Kekhawatiran akan hancurnya lingkungan perairan disekitar lahan budidaya tambak yang secara langsung mengakibatkan menurunnya produksi perikanan sudah sepatutnya para ahli dan pemegang kebijakan perikanan untuk berusaha semaksimal mungkin mencari solusi pemecahannya. Penutupan keran impor udang berarti bahwa pasar domestik terbuka luas, sehingga petambak udang dapat meningkatkan produksi untuk memenuhi permintaan tersebut. Beberapa pendekatan yang bisa dilakukan untuk menuju usaha budidaya yang berkelanjutan dan mampu merespon peluang pasar domestik yang tinggi akibat kebijakan pemerintah menutup keran impor udang, perlu dilakukan beberapa strategi, yaitu :
a. Penataan Ruang dan Wilayah
Kondisi perairan tambak di Sidoarjo tercemar limbah industri dan polusi udara akibat berada di muara sungai yang terdapat banyak industri berkembang. Kegiatan industri yang banyak menghasilkan limbah harus segera ditata sebaik mungkin agar tidak menimbulkan dampak pencemaran perairan dan polusi. Penataan juga dilakukan terhadap wilayah di sekitarnya untuk berbagai kegiatan seperti pertanian, pemukiman dan pertambakan. Penataan yang baik dilengkapi dengan peraturan yang memberikan sanksi bagi yang melakukan pelanggaran terhadap pencemaran kondisi perairan sekitarnya.
b. Penggunaan Teknologi
Penerapatan teknologi dalam budidaya di tambak dapat dijadikan suatu alternatif pemecahan terhadap kondisi lingkungan yang rusak. Sumber air yang kualitas airnya sudah sangat tercemar sebaiknya dibenahi dahulu kondisinya, dan sambil menunggu pada situasi yang lebih membaik, para petani dapat memilih teknologi seperti teknologi sistem tertutup (close system) pada tambak.
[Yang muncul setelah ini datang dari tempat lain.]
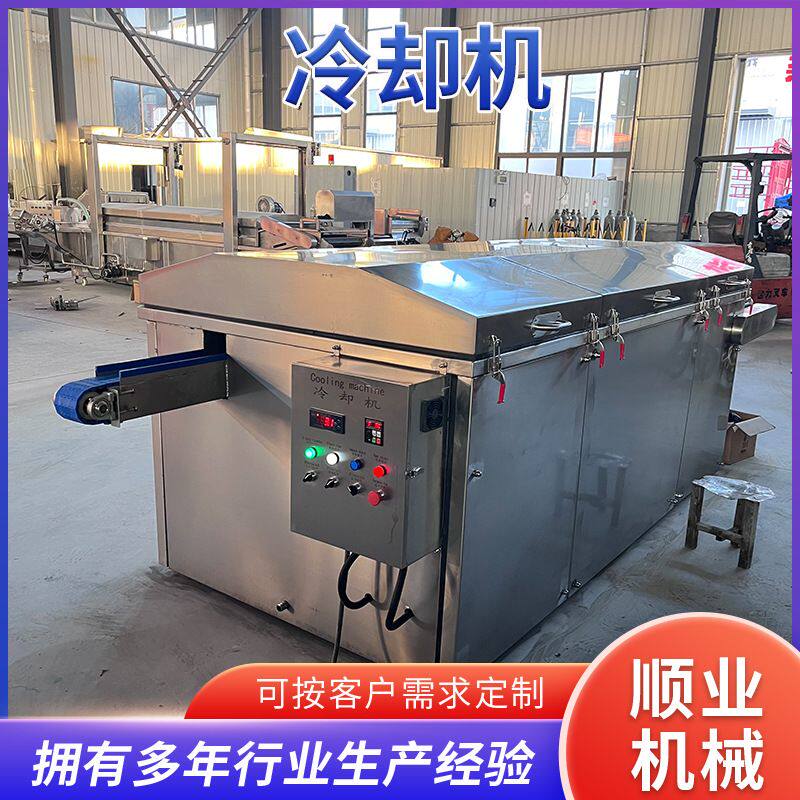 唇膏唇彩罐装冷冻隧道 化妆品冷冻彩妆冷冻隧道 口红唇膏冷却机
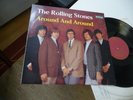 THE ROLLING STONES AROUND AND AROUND 1964 IN MINT MONO AUS ARCHIV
Pengembangan sistem resirkulasi (close system) terhadap budidaya udang menjadi satu alternatif penting demi keberlanjutan usaha budidaya, karena sistem tersebut tidak memanfaatkan air baru dari luar budi daya tambak. Sebab, penggunaan air baru ditengarai dapat membawa penyakit atau logam berat yang berakibat pada peningkatan penggunaan obat-obatan. Dengan sistem itu petani tambak mensterilkan air yang sudah dipakai untuk dipergunakan lagi. Artinya, diperlukan satu tambak lain khusus untuk mengolah air.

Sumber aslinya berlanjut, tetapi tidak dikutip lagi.